I'm also interested in the basic issue because I have an old Epson 3200 (about three generations older than your V550), and I'd like to be able to scan 4x4 cm frames from 127 film. That said, two points: (1) Film height is an issue. AFAIK in film mode, the scanner focuses to the height of film in am one of he Epson film carriers. So if you put the film directly on the scanner glass, the scan may be out of focus. One option might be to put a thin piece of glass between the film and the scanner glass. Another option might be if the scanner software has a mode intended for scanning regular transparencies, like were used decades ago on overhead projectors, and which (being much larger than anything other than the largest photographic film) presumably would sit right on the glass. (2) The suggestion, "I used sheet of white sheet of paper on top of the negative, because I think you want the light to reflect off the background and back through the negative," is wrong, and fundamentally misunderstands how film scanning on a flatbed is supposed to work. Your V550, my 3200, and others among these sorts of scanners do not illuminate the film the same way they illuminate documents. You remove a cover in the top, which lets a second light source in the transparency unit backlight the film. The lack of a transparency unit is why most flatbed scanners do such a terrible job scanning film.

I'm not sure I understand the question, but I'll take a crack at it. If the photographer reduces exposure, then that causes reduced signal.
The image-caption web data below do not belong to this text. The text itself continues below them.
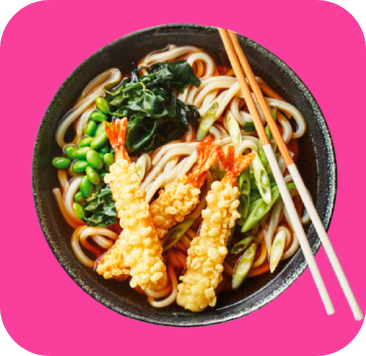 Udon noodle soup with tempura shrimp, green onions, edamame, and seaweed in a dark bowl.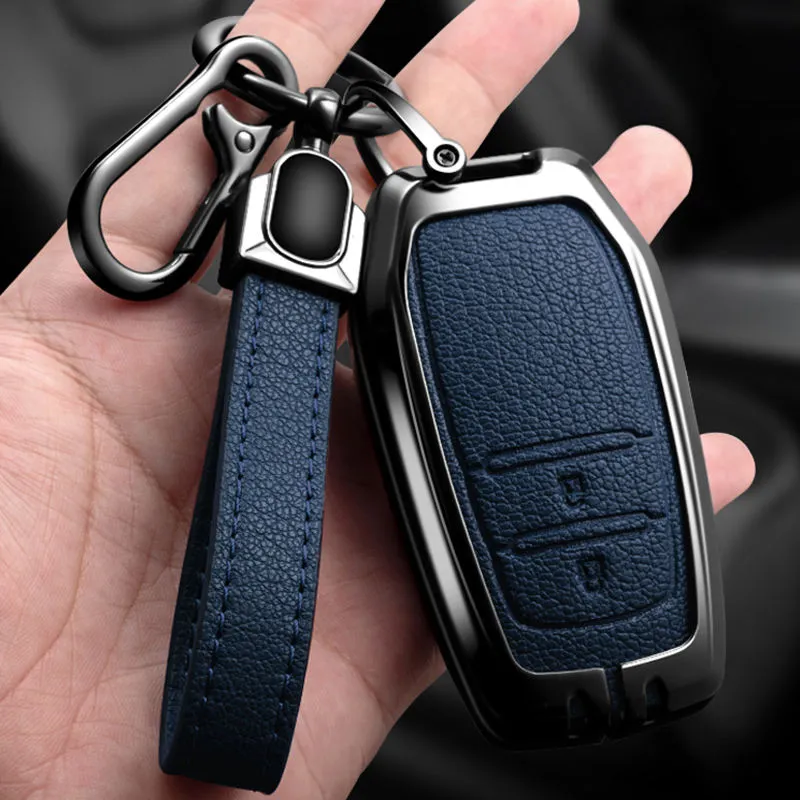 Hand holding a Keyvane armor key fob cover in navy blue with keychain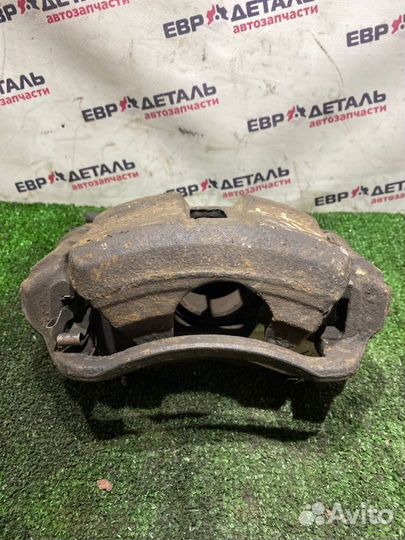 Суппорт тормозной передний правый Toyota Carina E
The photons coming through the lens and striking the sensor are the signal. The photographer can reduce the signal by shortening the exposure time (i.e. increasing the shutter speed) and/or reducing the size of the aperture (i.e. stopping down).

[Coming in late, but interested] Underexposure doesn't produce noise, or at least, not precisely-speaking; but it does reduce signal, which lowers signal-to-noise ratio, which appears (above some threshold of visibility, and especially insofar as postprocessing equalizes overall image brightness) as relatively more noise. Agree? Disagree? I think the similar-but-different test that might show very similar noise would be both at f/8 and 1/125 s but one at ISO 200 and the other at ISO 1600, and then equalize brightness in postprocessing. And I stress "might" because dual-gain sensors and non-linear gain ("ISO") settings can substantially change that behavior / result. Agree? Disagree?